Strategy & Organisation Research Seminar

Event Date: 23 October 2013

Presenter 1Prof Barbara Simpson/Dr Alia Weston/Rory Tracey

Title:  Creative practice in an accelerating world

 Abstract:  The apparently accelerating pace of life in developed Western economies is, arguably, a defining characteristic of the 21st century, where speed has become the handmaiden of progress, but with potentially catastrophic consequences for the health and well-being of the planet. Our interest is in how this addiction to speed affects the emergence of creativity in organisations.
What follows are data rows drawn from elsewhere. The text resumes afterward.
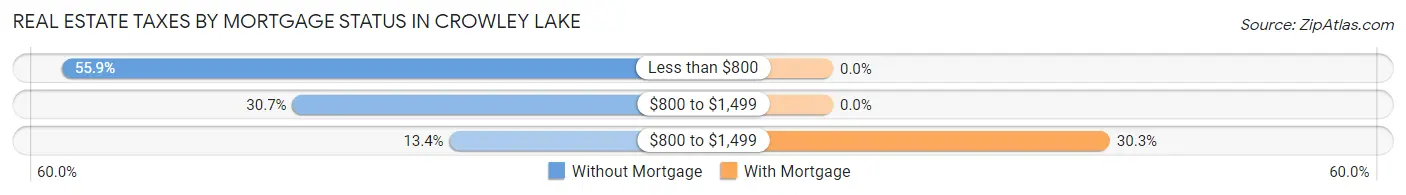 Real Estate Taxes by Mortgage Status in Crowley Lake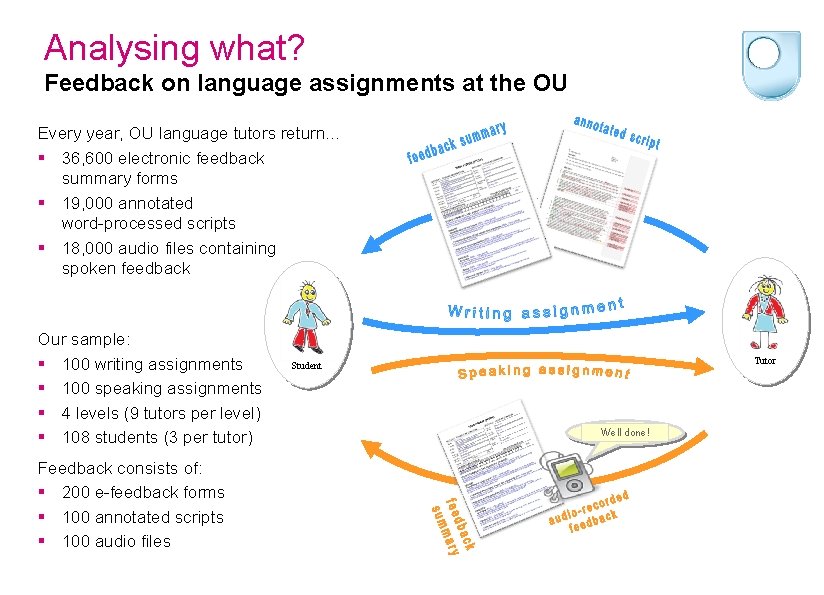 Analysing what? Feedback on language assignments at the OU Every year, OU language tutors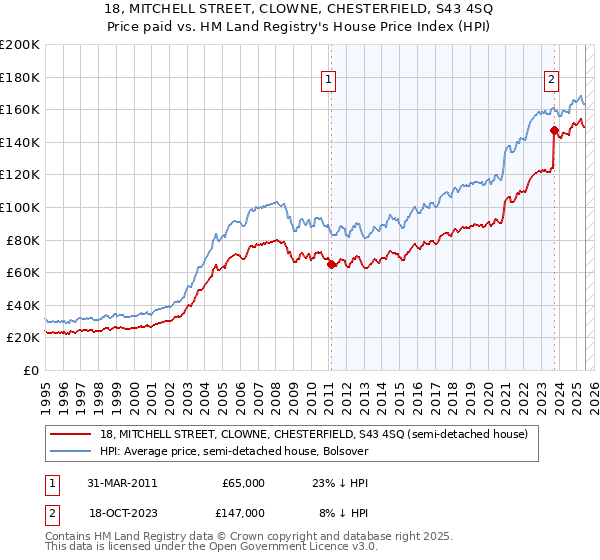 18, MITCHELL STREET, CLOWNE, CHESTERFIELD, S43 4SQ: Price paid vs HM Land Registry's House Price Index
Drawing on empirical evidence from three artisanal Scottish food producers, we contrast this speed imperative with the rich experience that underpins Slow philosophy. We argue that creative practice requires attention to both the discipline of the clock and the embodied and sensual experience of temporality.

 

Presenter 2Dr Kostas Tomazos

Title:    When Hippocrates and Pygmalion Met Barbie Abroad: Where do we go from here?  An investigation into the international cosmetic tourism market

Abstract:  With the ever-increasing obsession with celebrity culture, countless gossip magazines and reality television shows, today’s society has become one that idolizes physical perfection (Lipman-Blumen, 2005). Magazines have spreads dedicated to achieving the desired ‘look’, be it make up, hair or clothes and there are television shows dedicated to providing an insight into the lives of celebrities. In this image conscious environment taking action and correcting or altering physical flaws has become normal and this obsession supports a worldwide industry that worships physical perfection and has a relatively skewed view of what is natural. The increasing normalization of cosmetic surgery through popular culture and media and the expansion of medical tourism have facilitated the emergence of the cosmetic tourism sector. This paper aims to investigate cosmetic tourism and provide an overview of this tourism trend, by focusing on its web-based online offering. To this end data from the websites or 17 different cosmetic surgery providers is used to gain an insight into their offerings. This analysis allows this paper to examine whether the contemporary offering of cosmetic tourism services meets the criteria of autonomy, nonmaleficence, and beneficence, as set out by medical ethics. To this end research emphasis is placed on the services, pricing strategies and the packaging of the cosmetic tourism product and the extent of information made available to prospective customers about the quality of the procedures and the potential risks involved.

This is still work in progress I aim to expand the cosmetic tourism providers’ database. This seminar presentation highlights initial key observations and issues for discussion.